S. “Suppose, dear boy, that instead of your possessing it, it were possible for it to possess you; and possessing you, to show you as much of itself, or as little, as it might choose, and concerning such things only as it might choose: would not that explain the dilemma?”
P. “It would assuredly.”
S. “Let us see, then, whether this spirit of truth may not be something which is capable of possessing you, and employing you, rather than of being possessed and employed by you. To me, indeed, this spirit seems likely to be some demon or deity, and that one of the greatest.”
P. “Why then?”
S. “Can lifeless and material things see?”
P. “Certainly not; only live ones.”
S. “This spirit, then, seems to be living; for it sees things as they are.”
P. “Yes.”
S. “And it is also intellectual; for intellectual facts can be only seen by an intellectual being.”
P. “True.”
S. “And also moral; for moral facts can only be seen by a moral being.”
P. “True also.”
S. “But this spirit is evidently not a man; it remains therefore, that it must be some demon.”
P. “But why one of the greatest?”
S. “Tell me, Phaethon, is not God to be numbered among facts as they are?”
P. “Assuredly; for he is before all others and more eternal and absolute than all.”
S. “Then this spirit of truth must also be able to see God as he is.”
P. “It is probable.”
S. “And certain, if, as we agreed, it be the very spirit which sees all facts whatsoever as they are. Now tell me, can the less see the greater as it is?”

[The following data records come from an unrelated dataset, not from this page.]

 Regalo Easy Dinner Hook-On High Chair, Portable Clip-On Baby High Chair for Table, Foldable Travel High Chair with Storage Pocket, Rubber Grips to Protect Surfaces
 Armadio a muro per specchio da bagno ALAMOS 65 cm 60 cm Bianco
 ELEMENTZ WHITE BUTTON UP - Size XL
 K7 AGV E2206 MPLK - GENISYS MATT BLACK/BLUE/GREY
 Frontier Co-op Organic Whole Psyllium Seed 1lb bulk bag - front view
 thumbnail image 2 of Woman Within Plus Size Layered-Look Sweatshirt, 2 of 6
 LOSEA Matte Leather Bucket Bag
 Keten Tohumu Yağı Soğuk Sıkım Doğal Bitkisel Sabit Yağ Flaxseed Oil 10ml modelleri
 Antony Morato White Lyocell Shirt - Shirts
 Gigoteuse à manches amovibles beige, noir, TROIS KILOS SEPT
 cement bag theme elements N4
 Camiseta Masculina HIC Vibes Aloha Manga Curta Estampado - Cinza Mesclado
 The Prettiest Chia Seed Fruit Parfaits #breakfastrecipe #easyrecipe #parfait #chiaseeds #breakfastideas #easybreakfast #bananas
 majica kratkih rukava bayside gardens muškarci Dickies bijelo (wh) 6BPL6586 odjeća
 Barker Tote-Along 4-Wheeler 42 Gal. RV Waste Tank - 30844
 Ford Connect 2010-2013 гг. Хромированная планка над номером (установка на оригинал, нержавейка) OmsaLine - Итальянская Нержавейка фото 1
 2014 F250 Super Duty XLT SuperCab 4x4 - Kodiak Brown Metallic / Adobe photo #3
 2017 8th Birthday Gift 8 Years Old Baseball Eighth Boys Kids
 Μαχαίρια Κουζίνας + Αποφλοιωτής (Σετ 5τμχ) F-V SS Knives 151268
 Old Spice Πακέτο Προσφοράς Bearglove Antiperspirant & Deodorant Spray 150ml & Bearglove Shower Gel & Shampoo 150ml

P. “I think not; for an animal cannot see a man as he is, but only that part of him in which he is like an animal, namely, his outward figure and his animal passions; but not his moral sense or reason, for of them it has itself no share.”
S. “True; and in like wise, a man of less intellect could not see a man of greater intellect than himself as he is, but only a part of his intellect.”
P. “Certainly.”
S. “And does not the same thing follow from what we said just now, that God’s conceptions of himself must be the only perfect conceptions of him? For if any being could see God as he is, the same would be able to conceive of him as he is: which we agreed was impossible.”
P. “True.”
S. “Then surely this spirit which sees God as he is, must be equal with God.”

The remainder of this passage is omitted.